The Four Agile Values

  • Individuals and interactions over processes and tools
  • Working software over comprehensive documentation
  • Customer collaboration over contract negotiation
  • Responding to change over following a plan

Source: http://agilemanifesto.org/

The Twelve Agile Principles

  1. Customer satisfaction through early and continuous software delivery — Customers are happier when they receive working software at regular intervals, rather than waiting extended periods of time between releases.
  2. Accommodate changing requirements throughout the development process — The ability to avoid delays when a requirement or feature request changes.
  3. Frequent delivery of working software — Scrum accommodates this principle since the team operates in software sprints or iterations that ensure regular delivery of working software.
  4. Collaboration between the business stakeholders and developers throughout the project — Better decisions are made when the business and technical team are aligned.
  5. Support, trust, and motivate the people involved — Motivated teams are more likely to deliver their best work than unhappy teams.
  6. Enable face-to-face interactions — Communication is more successful when development teams are co-located.
  7. Working software is the primary measure of progress — Delivering functional software to the customer is the ultimate factor that measures progress.
  8. Agile processes to support a consistent development pace — Teams establish a repeatable and maintainable speed at which they can deliver working software, and they repeat it with each release.
  9. Attention to technical detail and design enhances agility — The right skills and good design ensures the team can maintain the pace, constantly improve the product, and sustain change.
  10. Simplicity — Develop just enough to get the job done for right now.
  11. Self-organizing teams encourage great architectures, requirements, and designs — Skilled and motivated team members who have decision-making power, take ownership, communicate regularly with other team members, and share ideas that deliver quality products.
  12. Regular reflections on how to become more effective — Self-improvement, process improvement, advancing skills, and techniques help team members work more efficiently.

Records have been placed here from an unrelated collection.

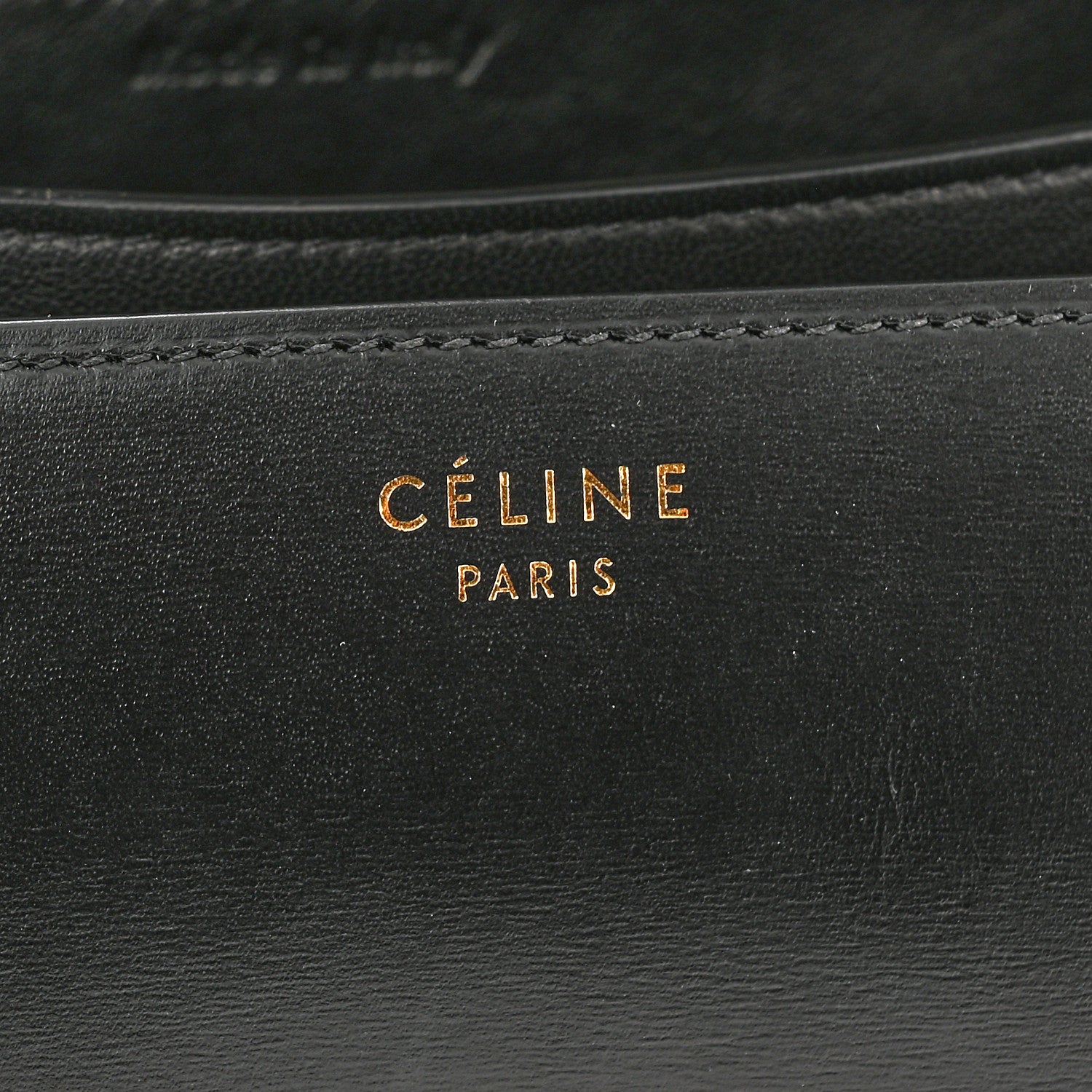 Celine Box Calfskin Medium Classic Box Flap Bag Black 6 of 11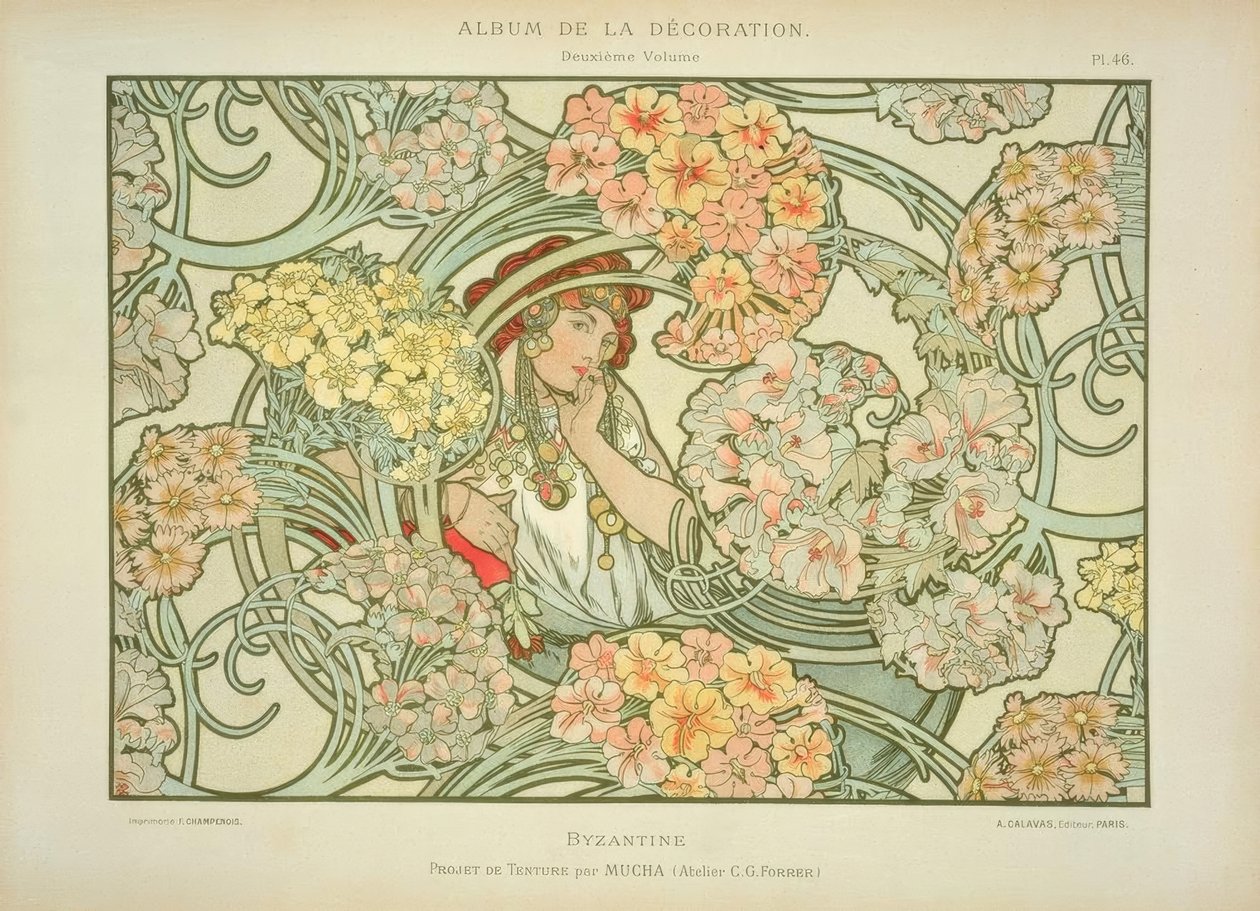 Byzantin - Alphonse Mucha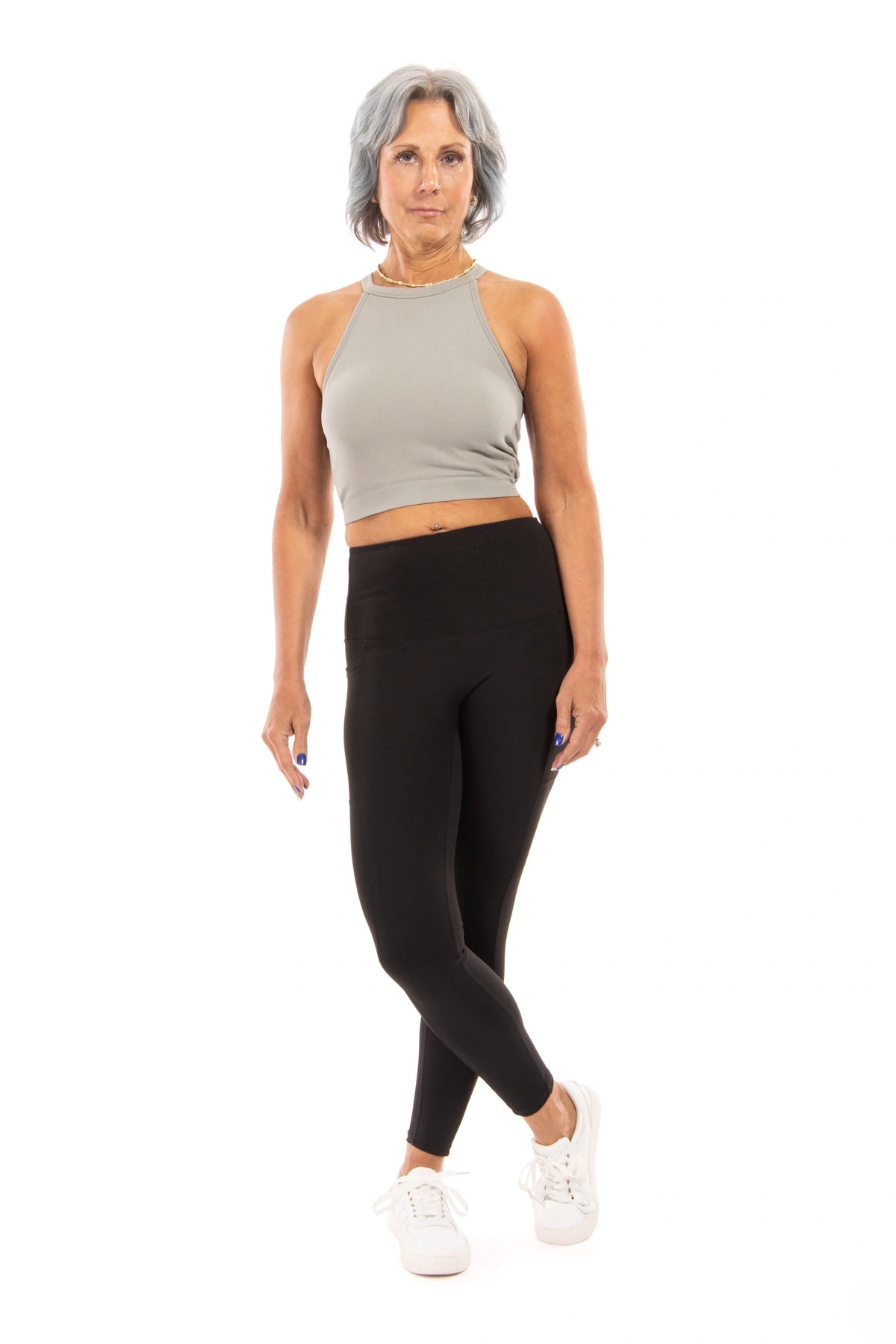 Sweet Comfort Women's Sporty Halter Neckline Seamless Bralette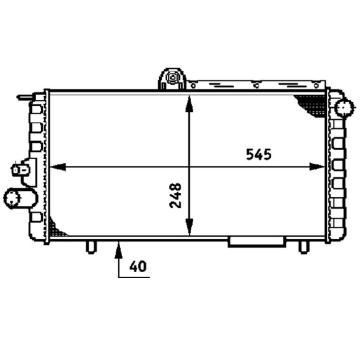 Chladič, chlazení motoru MAHLE CR 620 000S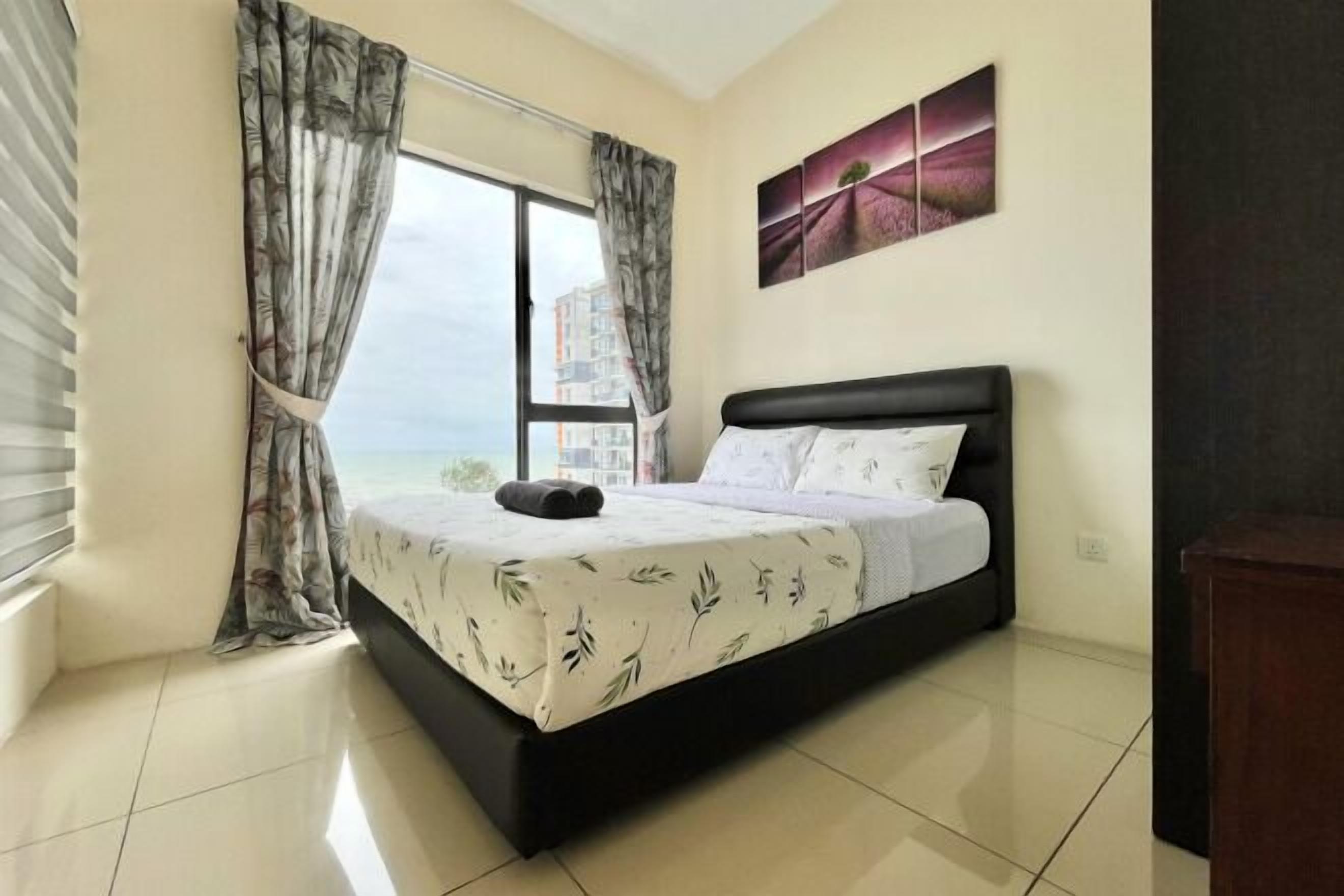 Individually decorated, individually furnished, desk, blackout curtains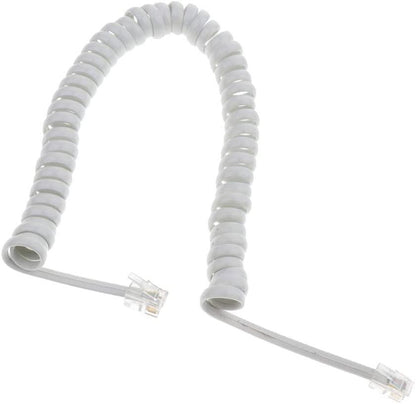 AV:Link Replacement Coiled Telephone Handset Curly RJ11 - RJ11 Plug Lead 113.520UK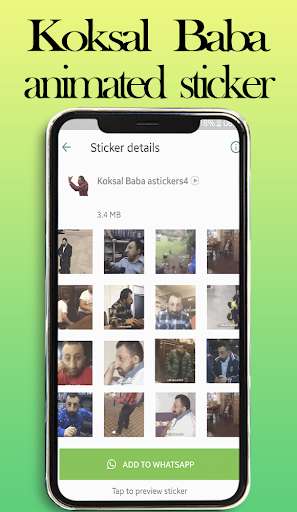 Emulate Koksal Baba Animated stickers WAStickerApps from MyAndroid or run Koksal Baba Animated stickers WAStickerApps using MyAndroid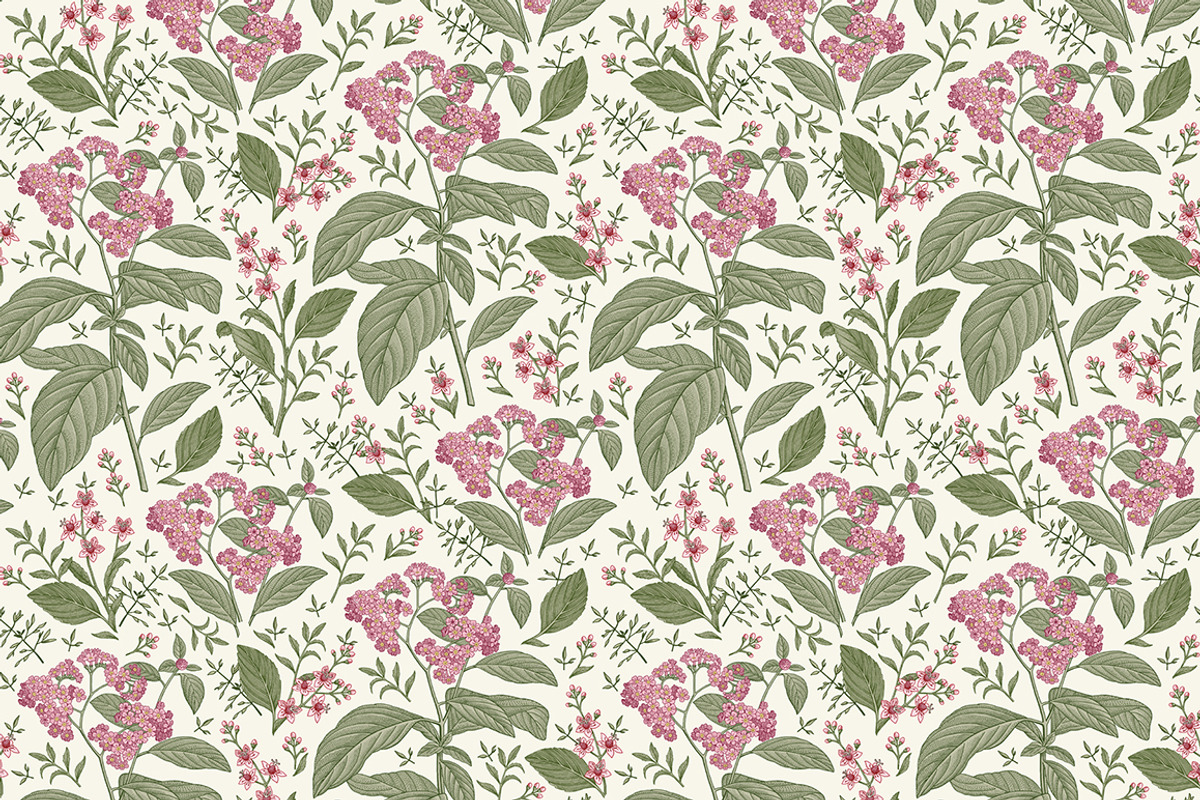 Seamless Flowers heliotrope pattern, a Pattern Graphic by Vintage (Photo 5 of 16)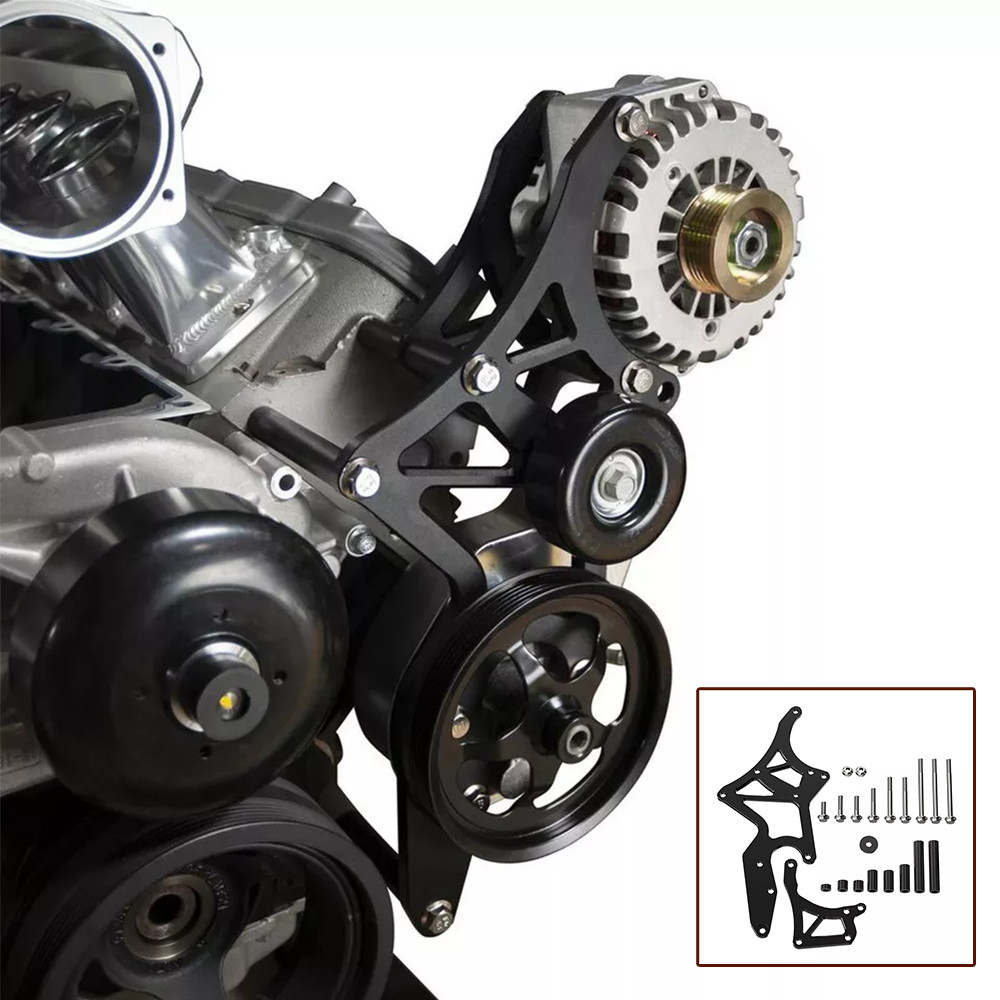 For LS Engine Serpentine Bracket Alternator Power Steering Pump Swap Conversion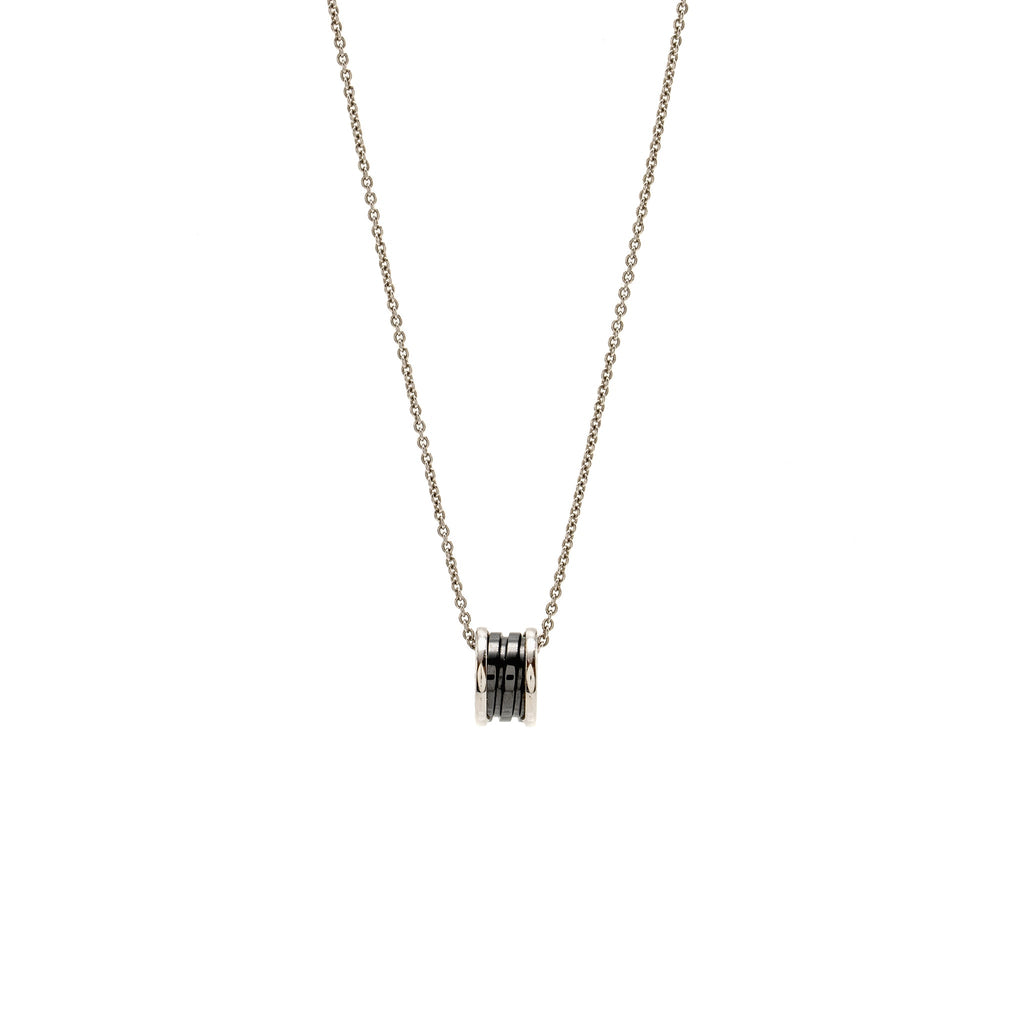 BVLGARI SAVE THE CHILDREN B ZERO NECKLACES BLACK CERAMIC/SILVER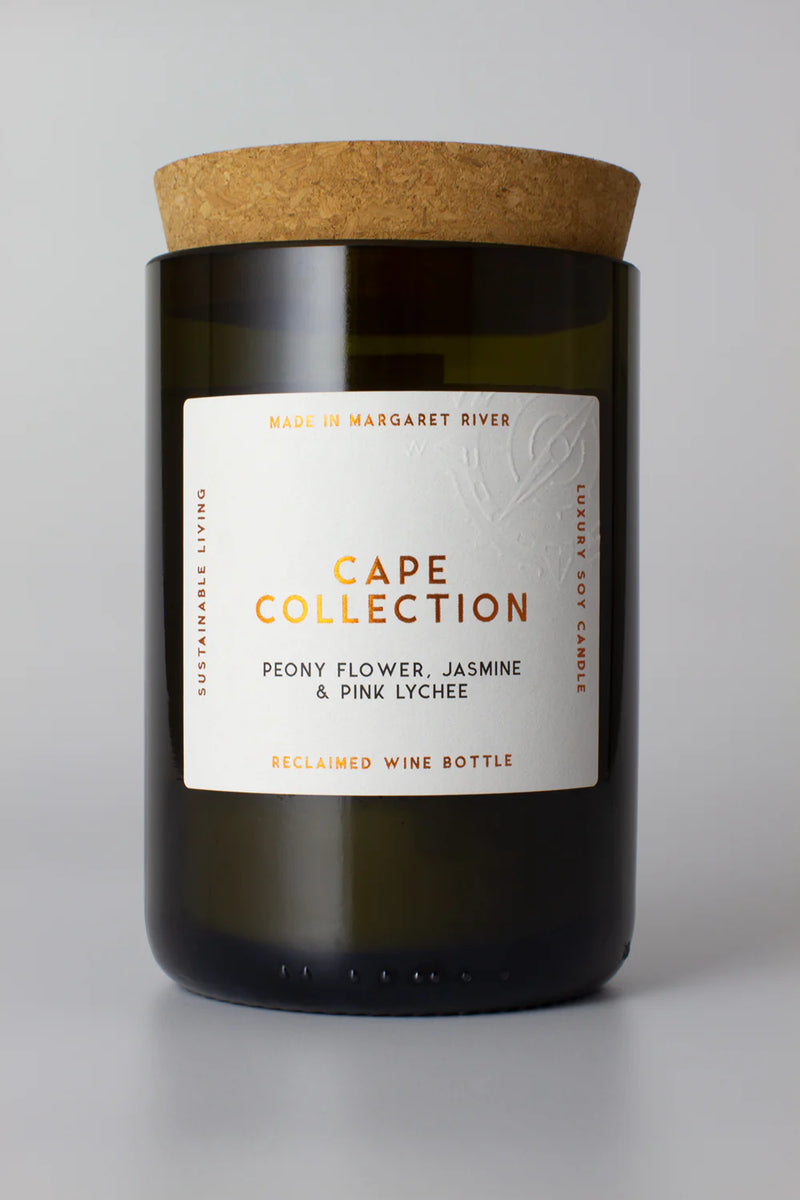 CAPE COLLECTION CANDLE in Peony Flower + Jasmine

Source: https://www.agilealliance.org/agile101/12-principles-behind-the-agile-manifesto/

Not all of the agile principles are needed or even helpful in all situations. For instance, co-location is an agile principle, but many agile companies do not practice this. Considering how technology has evolved since 2001. Our degree of connectivity allows for ways to compensate for not being co-located. But others — such as maintaining a sustainable development pace — do more than just maximize effectiveness, they can help team members find more satisfaction and enjoyment in their jobs.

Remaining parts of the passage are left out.